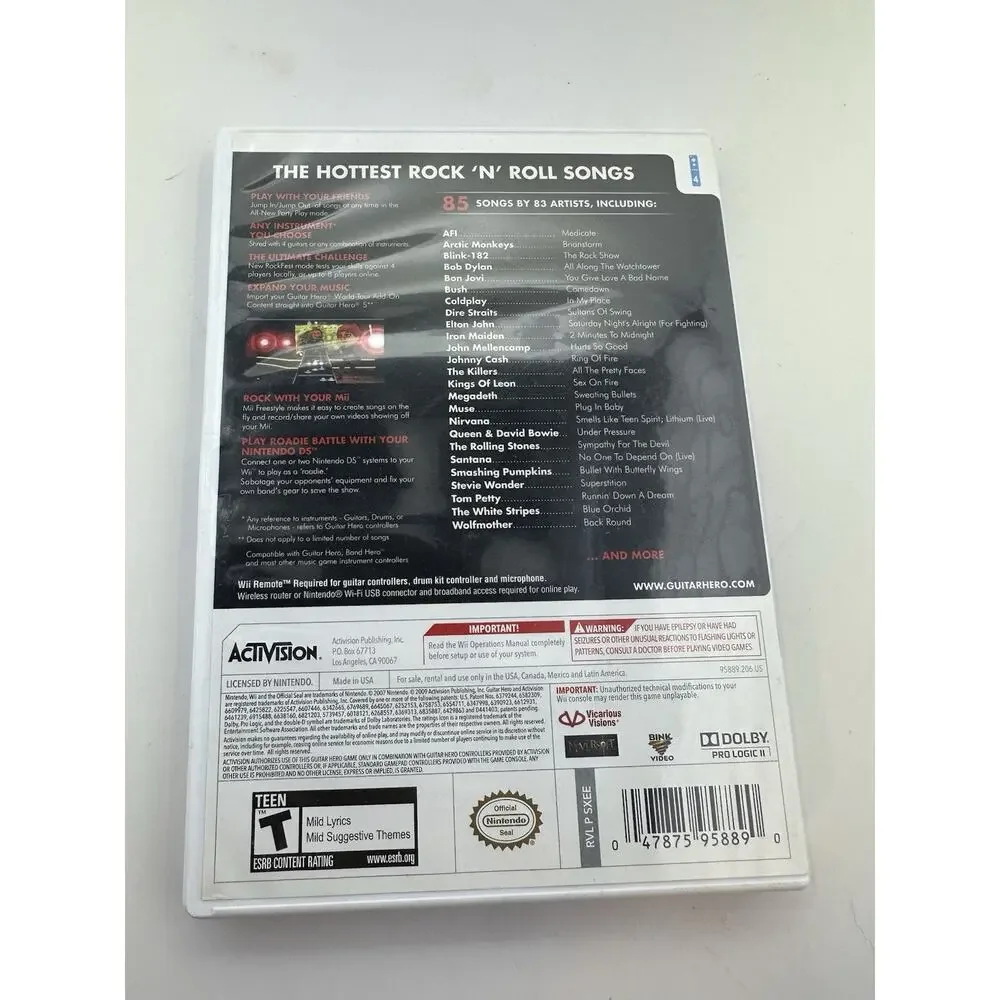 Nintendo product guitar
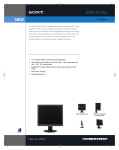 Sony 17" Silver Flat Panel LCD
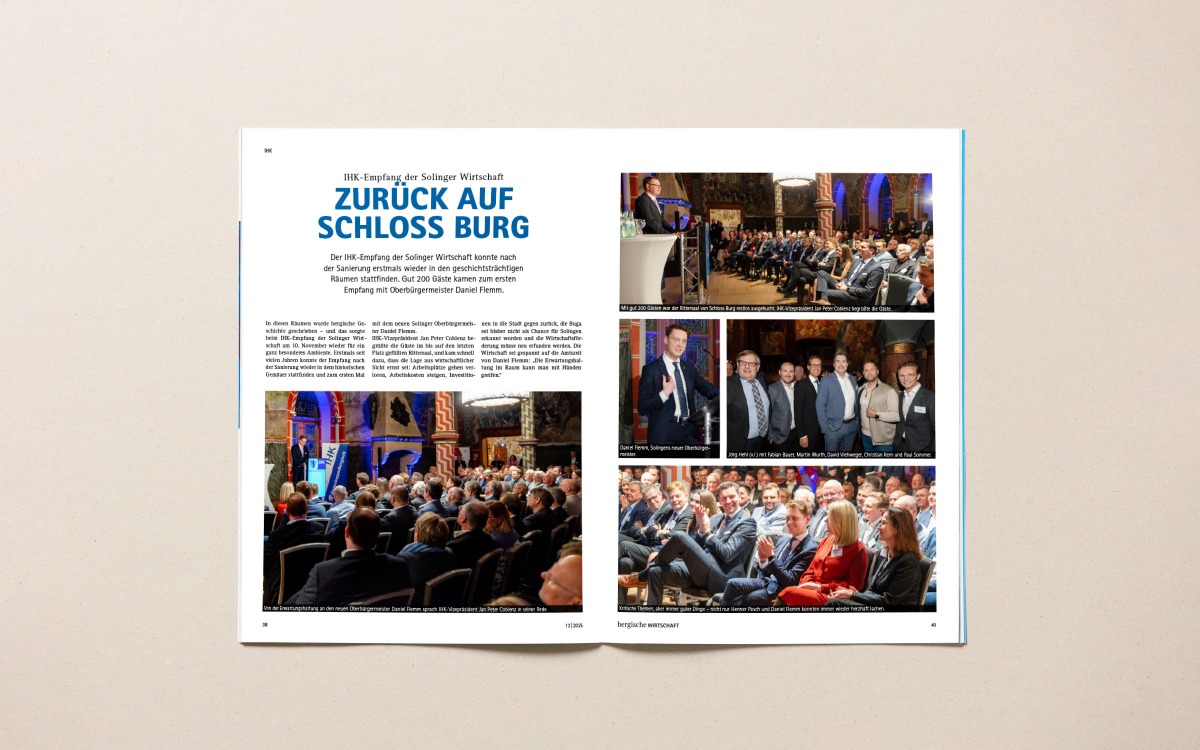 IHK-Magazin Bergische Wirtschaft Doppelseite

::::

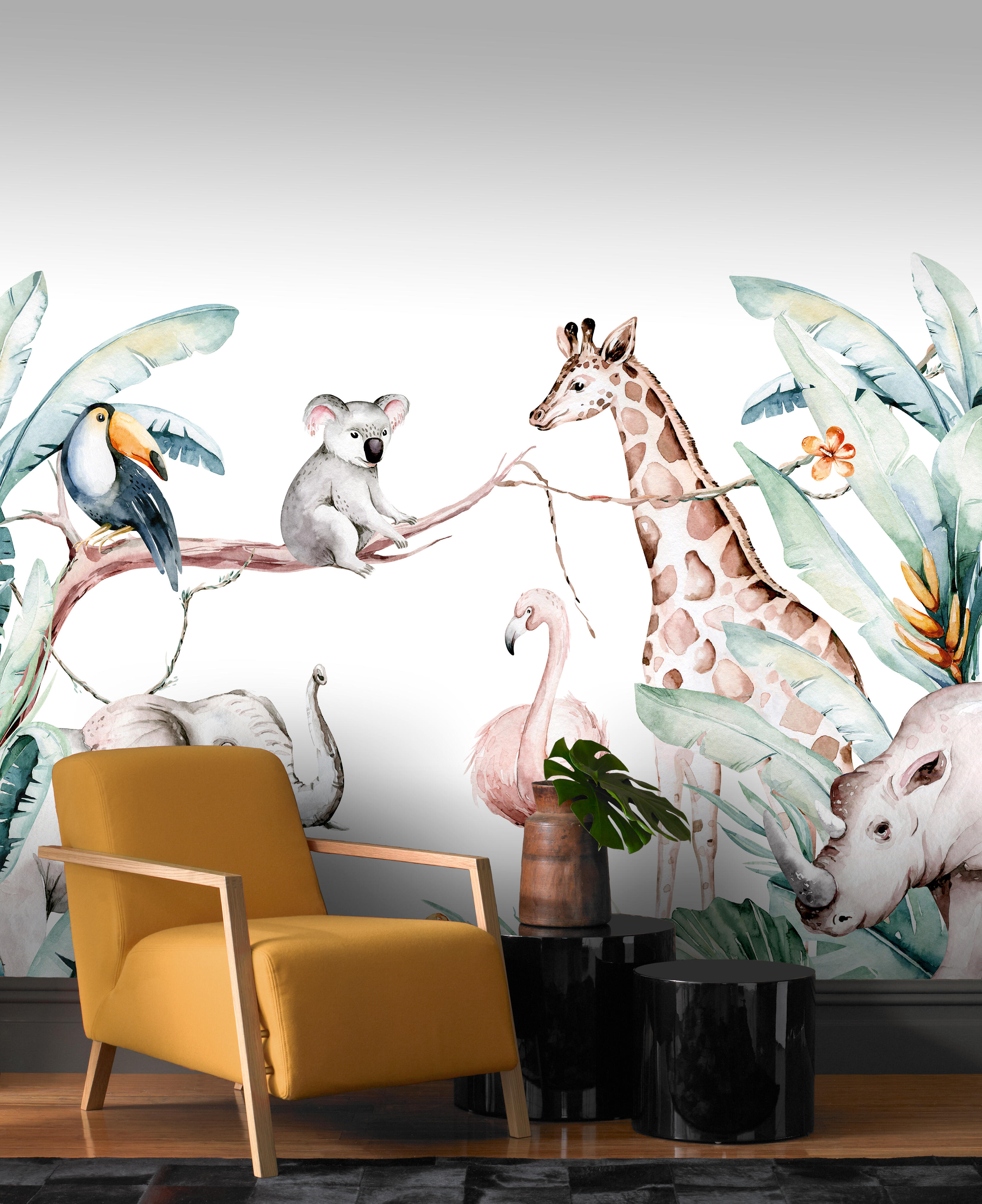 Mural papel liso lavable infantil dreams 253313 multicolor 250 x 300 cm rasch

::::

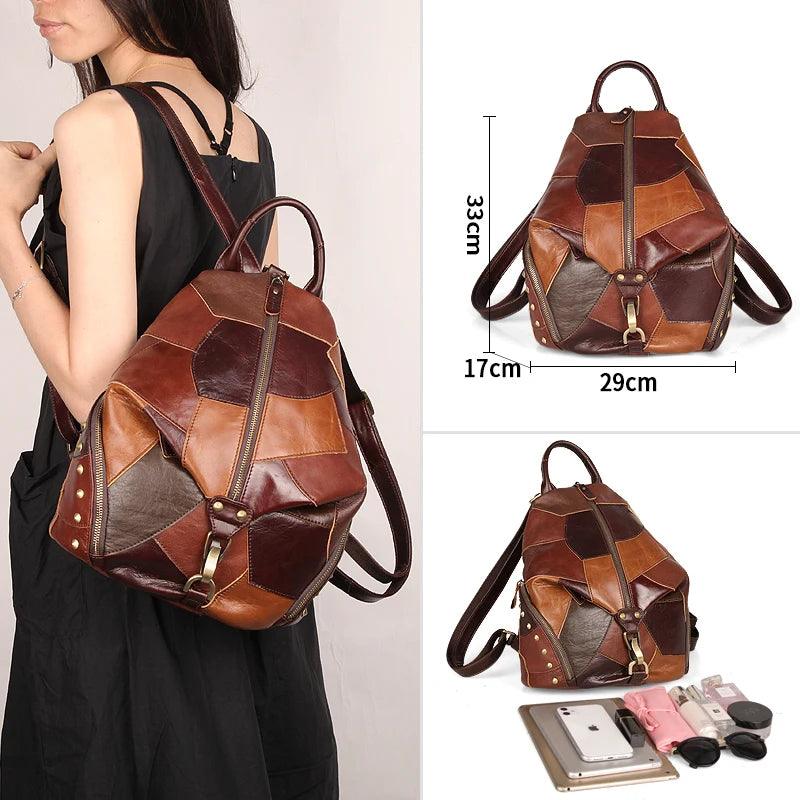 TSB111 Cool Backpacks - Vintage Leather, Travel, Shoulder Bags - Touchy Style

::::

ABOUT THIS TASK: Only one stretch of the listing above is to be duplicated: the lines from the one containing "Flat Panel LCD" through the one containing "IHK-Magazin Bergische Wirtschaft Doppelseite", both included. Copy them exactly, minus the pictures.

YOUR SOLUTION:
 Sony 17" Silver Flat Panel LCD
 IHK-Magazin Bergische Wirtschaft Doppelseite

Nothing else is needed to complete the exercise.